After finding the line with "3rd image of 55 Forest Dr" in the entries below, retype exactly each line from there through the line with "Дом с бассейном в поселке Новинки", including that final line.

DATA FOR PROCESSING:
= Beginning of Section =
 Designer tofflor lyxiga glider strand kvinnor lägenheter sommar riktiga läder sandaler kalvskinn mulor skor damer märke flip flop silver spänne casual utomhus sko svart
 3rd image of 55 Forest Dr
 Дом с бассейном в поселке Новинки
= End of Section =
= Beginning of Section =
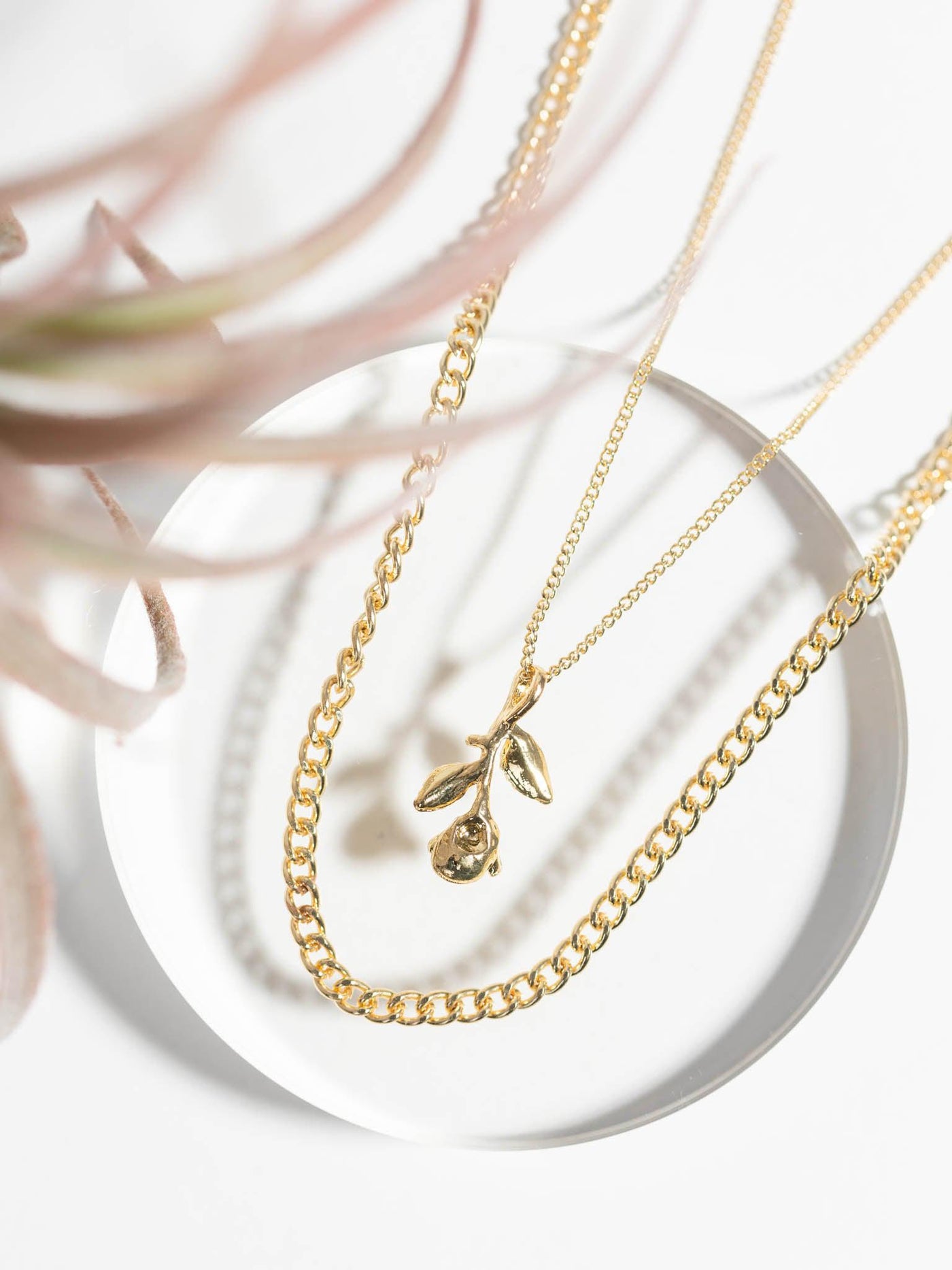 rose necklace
= End of Section =
EXPECTED ANSWER:
 3rd image of 55 Forest Dr
 Дом с бассейном в поселке Новинки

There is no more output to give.